What made the short clip of the programme interesting to me was that the mother, when asked by the counsellor whether she would allow her son to see his father said "NO". Then she said it was because "He wasn't a good father".
The man said he loved his son although he appeared to be prepared to give up trying to see him if the mother didn't agree to him getting any contact.
So what is so noteworthy in all this?
Well it was just that the mother appeared to feel invulnerable, as though she could deem the father good or bad just as she wished (he'd been good enough for her to form a relationship with in the first place and choose to have a child with but........I've made all these arguments before I know, so will stop now). The mother was told by the counsellor that the child would suffer through not seeing their father, but the mother wasn't having any of it, and said he wouldn't suffer. Then she walked out of the room and refused to listen to any more the counsellor wished to tell her. I must admit I had to admire her honesty, saying she wasn't going to cooperate, and her strength of charater for defying them all.
So, as I've said already, what to make of it? You would have thought the father could use the footage from the show to show to a family court judge as evidence that the mother had no intentions of cooperating. However, if he did this, and if the court decided it was admissable (assuming it was necessary, as from what I could see the mother would repeat what she said to anyone who wanted to listen), where would it get him? Wouldn't the judge feel just about as helpless as the TV counsellor was or looked, his protestations (that's too strong a word for it, maybe pious words would be a better term) telling everyone the child needed their father was simply going to be ignored no matter what they did, isn't that so?
To return to this thread therefore, and the millionaire seeking the only kind of redress apparently open to him under or outside the "best interests of the child" sole criterion family law legislation, forcing the courts to appreciate the loss to one of us fathers, (or non-custodial parents) as a way of highlighting what is going unchecked - alienation or exclusion of decent parents for no good reason.

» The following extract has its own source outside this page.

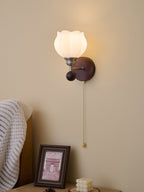 Lucille Applique Murale en Verre Art Classique et Bois - Neutralighting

I believe the family law should be changed as everyone who comes to this forum and has read anything I've posted should know. However I am just one person obviously, and when I go to forums representing other parents I often find the members there in effect refusing increased parental rights (or protection for non-custodial parental rights). My ideas appear to be in an extreme minority therefore, but I can look at whatever anyone else is doing or proposing in relation to family law through my own ideological framework, and enjoy actions on behalf of excluded parents like myself, such as this millionaire's action. I have thought my ex. shouldn't be completely free from the influence of the law, if her actions to alienate my daughter could be adequately proved. So I wish this man luck, although I doubt it will make him or his children happy even if he were to win. Once our children are brought up to feel as though the rejection of one of their parents is okay, nay desireable or indeed their right, no amount of compensation money is going to change that situation as we all know.